Python - different methods of sequence matching in an array?

First difference is that in your solution you are comparing a list slice(nums[i:i+3]) and the target list (seq) whereas the given solution is integer comparison.

Secondly, your solution has the for loop that iterates through all the elements of the "nums" array but for example if till last 3rd element, no '1'(first element of the sequence) is found, checking the last two elements would always be waste. The given solution on the other hand iterates two times less than entire sequence by giving range(len(nums)-2). This is a bit optimized solution than the one you have given.

nums=[5,6,7,2,3,1]
seq=[1,2,3]
def sequence(nums):
    for i in range(len(nums)):
        print(nums[i])
        if nums[i:i+3]==seq:
            return True
print(sequence(nums))

Output: 5 6 7 2 3 1 None

Given solution:

nums=[5,6,7,2,3,1]
seq=[1,2,3]

def sequence2(nums):
    for i in range(len(nums)-2):
        print(nums[i])
        if nums[i]==1 and nums[i+1]==2 and nums[i+2]==3:
            return True

print(sequence2(nums))

Output: 5 6 7 2 None

If using your solution, when checking the last int in the list. It may have an error of index out of range. Be careful of these minor mistakes.

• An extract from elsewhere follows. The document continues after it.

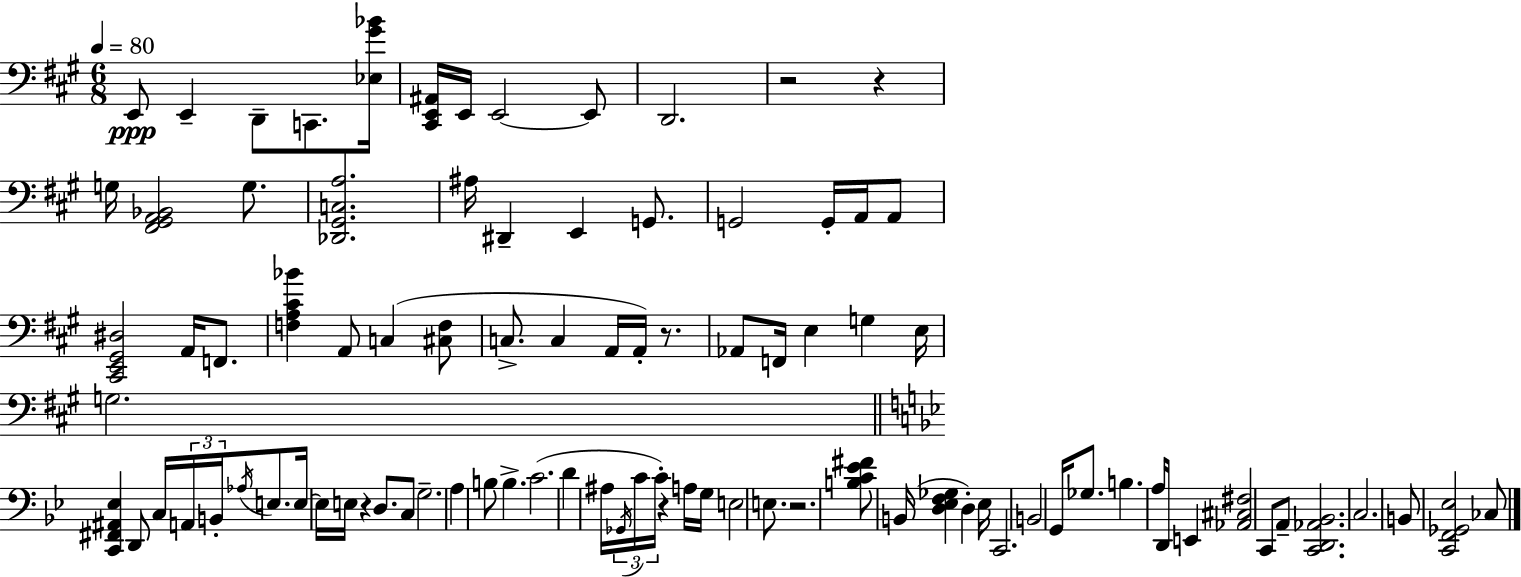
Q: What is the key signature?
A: A major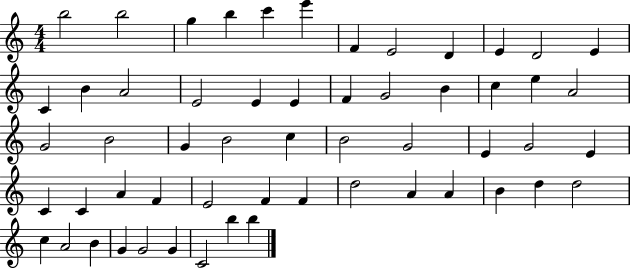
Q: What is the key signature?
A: C major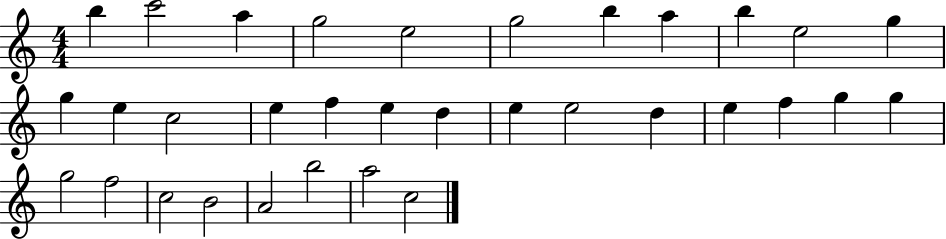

There's no such big difference. One difference is that your loop, in the last values, iterates over an out of range item, and their solution iterates until the last three elements: For example with this nums=[1,4,6,1,2,3] and seq=[1,2,3], i is going to take values between 0 and len(nums)-1, that is to say in this case i=[0,1,2,3,4,5], and your solution iterations will be something like this:

i=0
nums[i:i+3]=nums[0:3]->[1,4,6]
nums[0:3] == seq ->False
...
i=1
nums[i:i+3]=nums[1:4] ->[4,6,1]
nums[i:i+3] == seq ->False
....
#and so on

But after the last three element (i=len(nums)-3), it doesn't make sense you continue comparing because lists are going to be with different length:

i=len(nums)-3=3
nums[i:i+3]=nums[3:6] ->[1,2,3]
nums[i:i+3] == seq ->True
return True
...
i=len(nums)-2=4
nums[i:i+3]=nums[4:7] ->[2,3]
nums[i:i+3] == seq ->False
...
i=len(nums)-1=5
nums[i:i+3]=nums[5:8] ->[3]
nums[i:i+3] == seq ->False
...
#End loop

So maybe you could do it with range(len(nums)-2), the last iteration i=len(nums)-3. The other solution, as I explain you, iterates until i=len(nums)-3, and compare item by item:

i=0
nums[i]=nums[0]-> 1
nums[i+1]=nums[1]-> 4
nums[i+1]=nums[2]-> 6
nums[i]==1 and nums[i+1]==2 and nums[i+2]==3 --->False
...
#and so on until i i=len(nums)-3

So in short, the differences are loops and that you compare slice by slice, and their solution compares item by item.